_The task_. A verbatim copy of every record is required, and no pictures should be included.
===
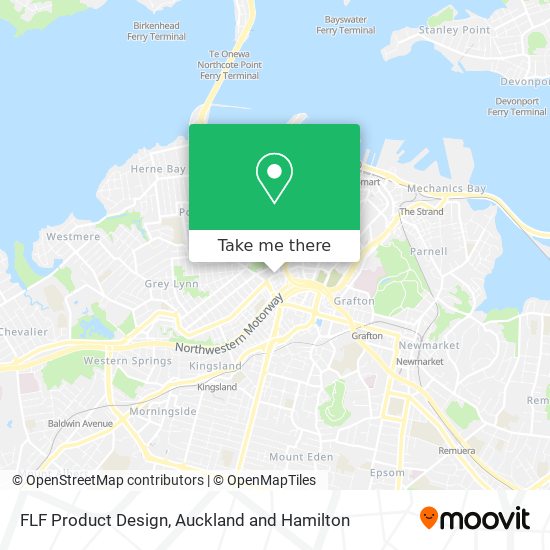 FLF Product Design map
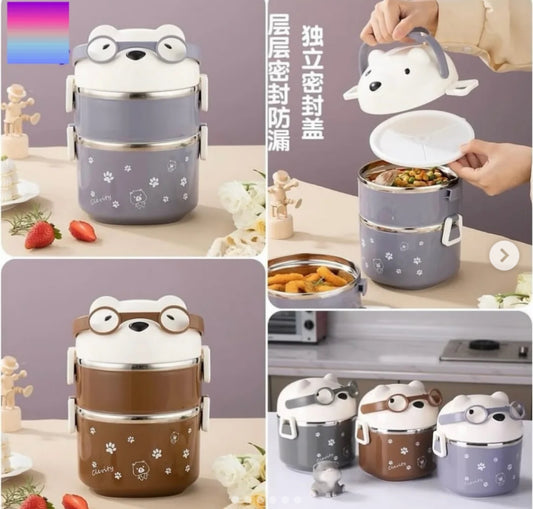 Cute Panda Lunch Box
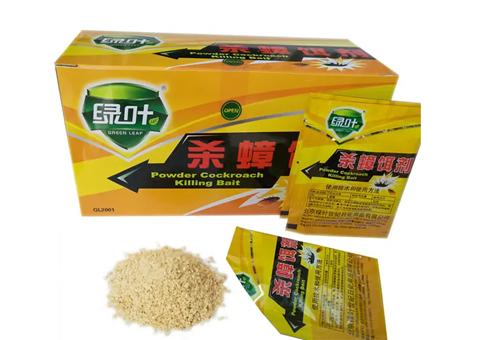 灭蟑螂最好的方法用什么药,灭蟑螂哪种药最容易消灭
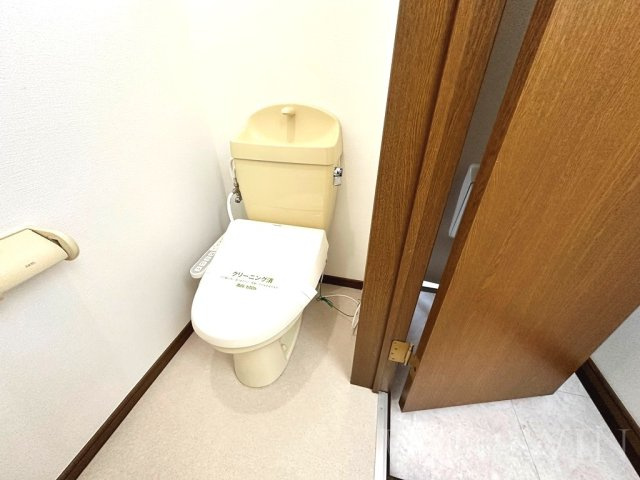 牛川南台のトイレ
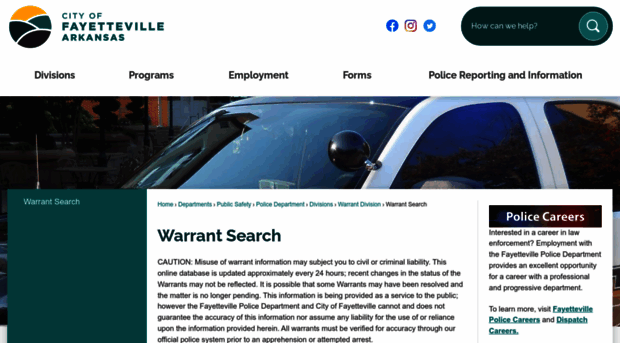 warrants.accessfayetteville.org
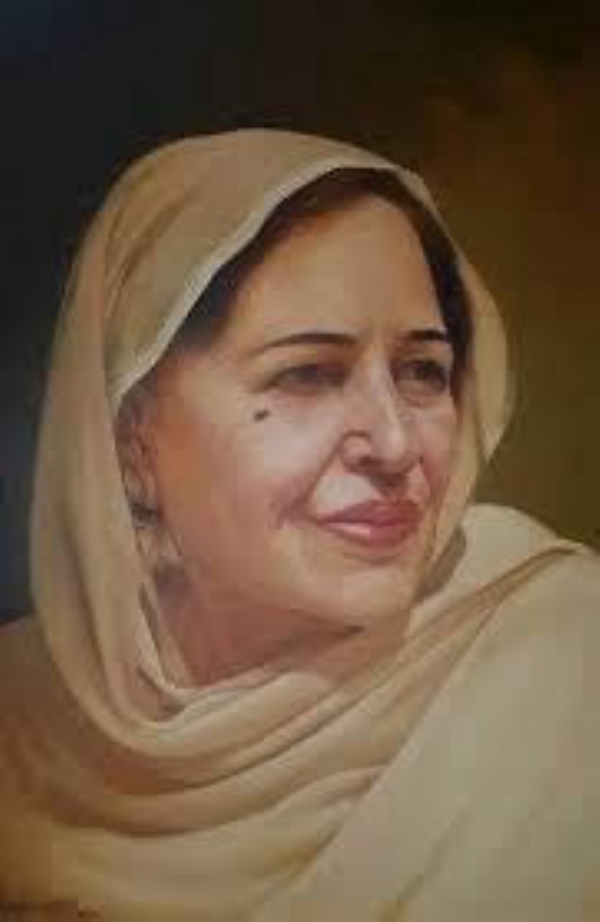 Rana pays tribute to Mother-e-Meherban Begum Akbar Jahan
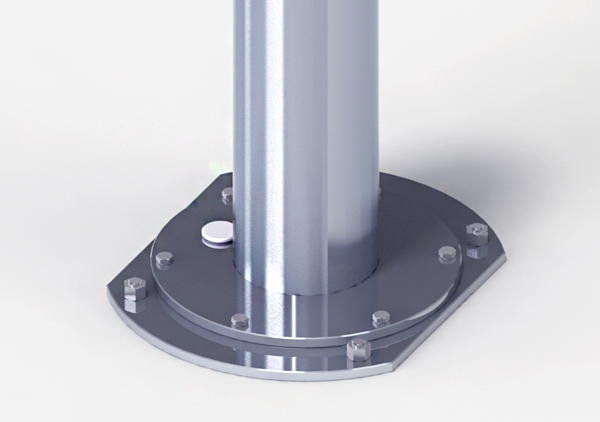 pipe module installed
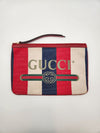 Gucci Printed Fabric Pouch B+ 524788 130341116 [P]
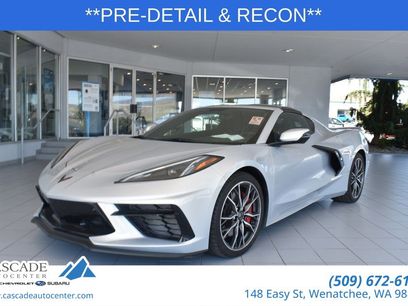 Used 2023 Chevrolet Corvette Stingray Premium Cpe w/ Z51 Performance Package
===
_Solved problem_.
 FLF Product Design map
 Cute Panda Lunch Box
 灭蟑螂最好的方法用什么药,灭蟑螂哪种药最容易消灭
 牛川南台のトイレ
 warrants.accessfayetteville.org
 Rana pays tribute to Mother-e-Meherban Begum Akbar Jahan
 pipe module installed
 Gucci Printed Fabric Pouch B+ 524788 130341116 [P]
 Used 2023 Chevrolet Corvette Stingray Premium Cpe w/ Z51 Performance Package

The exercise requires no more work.